Di sisi lain, pelaku pasar juga menanti dengan hati-hati keputusan The Fed (Federal Reserve) terkait suku bunga yang akan diumumkan Kamis (19/6) dini hari WIB. Meskipun ekspektasi pasar mulai bergeser ke arah kebijakan yang lebih lunak (dovish) setelah data penjualan ritel dan produksi industri AS menunjukkan angka yang lebih lemah dari perkiraan, kepastian tetap dinantikan. Pengamat mata uang, Ibrahim Assuaibi, menekankan pentingnya proyeksi pemangkasan suku bunga yang akan disampaikan Ketua The Fed, Jerome Powell, sebagai penentu arah kebijakan moneter AS ke depan.
Faktor domestik juga ikut berperan. Defisit Anggaran Pendapatan dan Belanja Negara (APBN) Mei 2025 yang mencapai Rp 21 triliun (0,09% terhadap PDB) menambah beban sentimen negatif terhadap rupiah. Namun, pelemahan rupiah sedikit tertahan berkat keputusan Bank Indonesia (BI) untuk mempertahankan suku bunga acuan BI-Rate di level 5,50%, berdasarkan hasil Rapat Dewan Gubernur (RDG) BI periode 17-18 Juni 2025.
Meskipun The Fed diperkirakan belum akan memangkas suku bunga dalam waktu dekat, analis Doo Financial Futures, Lukman Leong, menilai investor masih bersikap wait and see, mengamati perkembangan FOMC dan situasi geopolitik Timur Tengah.

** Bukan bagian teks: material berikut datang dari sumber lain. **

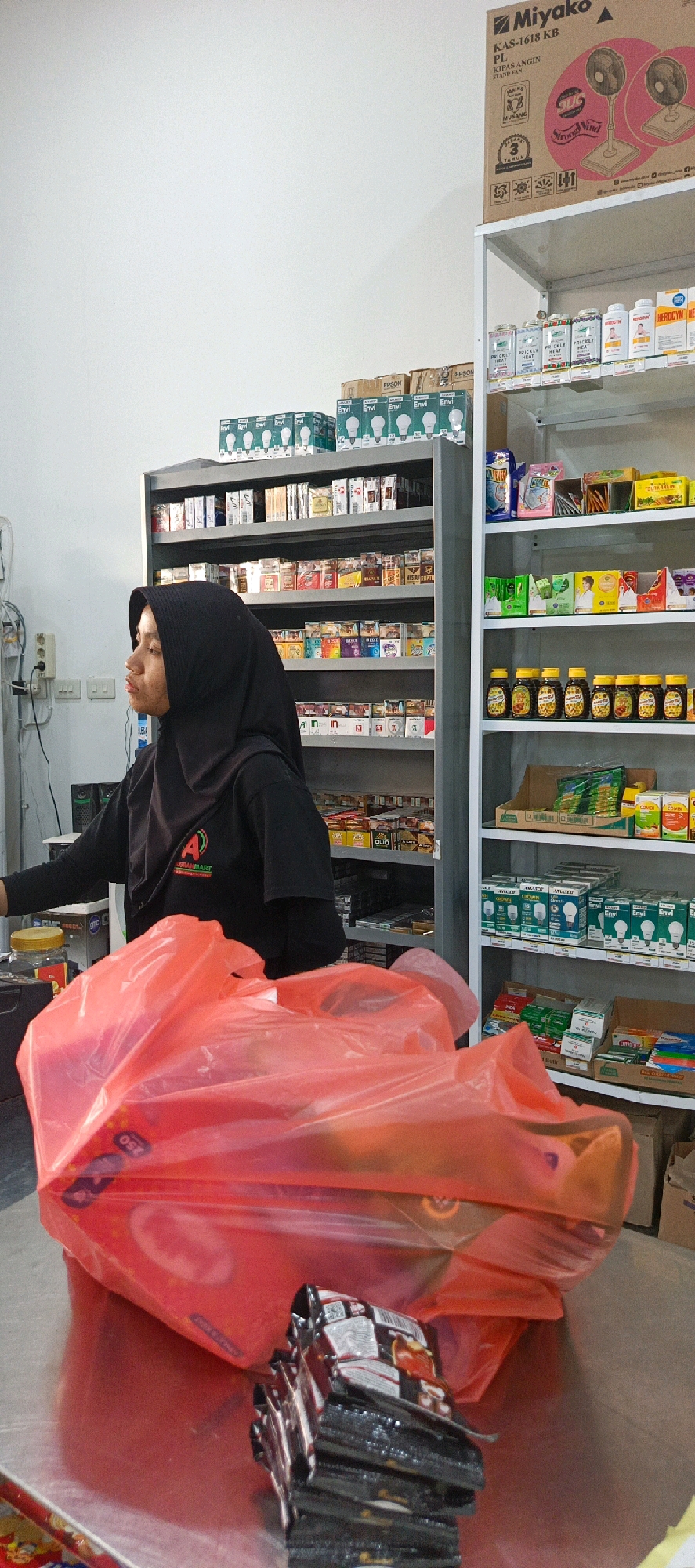 The image depicts an interior scene, likely a small retail establishment such as a minimarket or warung, located in Desa Simpang Katis, Indonesia. The foreground is dominated by a large, crinkled red plastic bag, possibly containing purchased items, and a stack of small, dark-packaged goods, likely snacks or confectionery, placed on a reflective surface.
In the mid-ground, a woman wearing a black hijab and a black t-shirt with a red and green logo that reads "A ABRAHAMMART" is partially visible, facing left. She appears to be attending to a customer or operating the establishment. Behind her, shelves are densely stocked with a variety of products. The shelves on the left are filled with numerous cigarette packs, arranged in rows. The shelves on the right display a diverse assortment of packaged goods, including boxes of light bulbs, containers of what appear to be traditional medicines or supplements (some labeled "HEROCYN" and "PRICKLY HEAT"), and rows of small amber-colored bottles, potentially containing beverages or health tonics. Further up on the right, there are boxes of various consumer products.
The environment appears to be brightly lit, with white walls visible in the upper left portion of the frame. Electrical outlets are mounted on the wall to the left of the woman. The overall impression is of a functional retail space stocked with a wide range of everyday items.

Ia memprediksi rupiah berpotensi melanjutkan pelemahan, namun dalam rentang terbatas. Pergerakan rupiah diprediksi berada di kisaran Rp 16.200 – Rp 16.350 per USD pada perdagangan Kamis (19/6). Sementara itu, Ibrahim Assuaibi memperkirakan pergerakan yang fluktuatif dengan potensi pelemahan di kisaran Rp 16.310 – Rp 16.360 per USD, menyatakan bahwa ketidakpastian global dan tekanan geopolitik akan tetap menjadi sentimen dominan dalam jangka pendek.